● Information provided:
----------

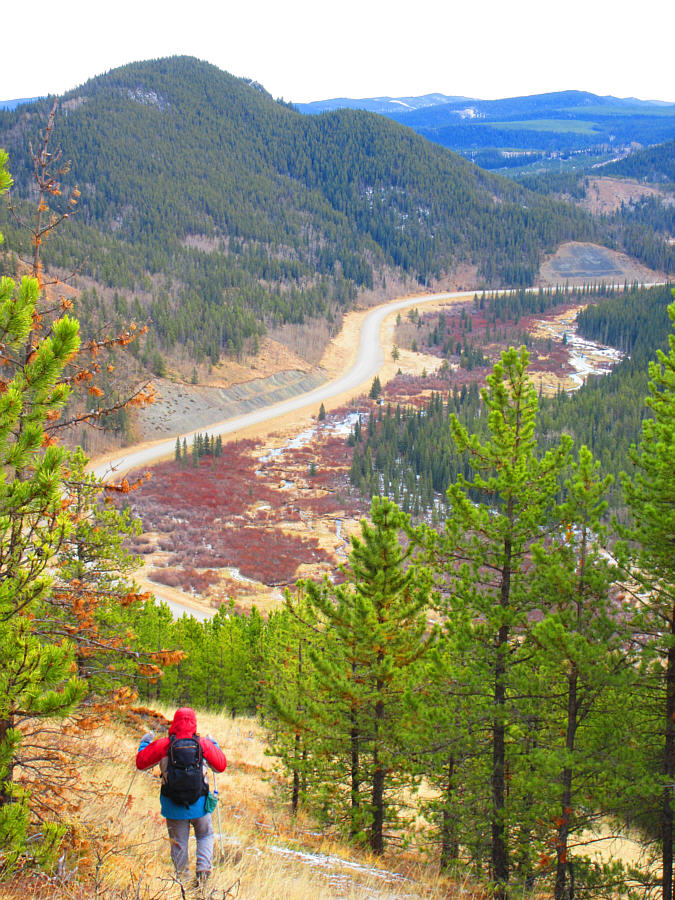 Nice end to the loop hike!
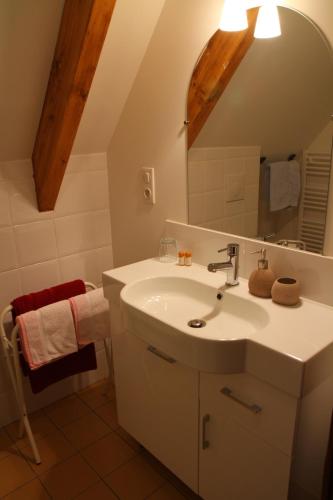 une salle de bain avec un lavabo et un miroir dans l'établissement La Héraudière Bed & Breakfast, à Tours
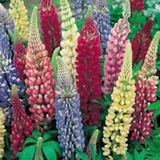 Hạt giống F1 Lupin  giống nga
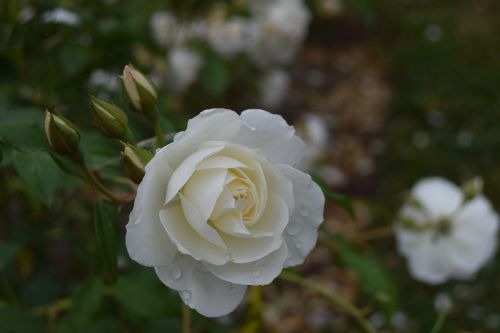 pink white flowers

----------

● Exercise description: Starting where a line contains "une salle de" and finishing at the last line above, set down every line exactly as it reads, with no pictures.

● Final answer:
 une salle de bain avec un lavabo et un miroir dans l'établissement La Héraudière Bed & Breakfast, à Tours
 Hạt giống F1 Lupin  giống nga
 pink white flowers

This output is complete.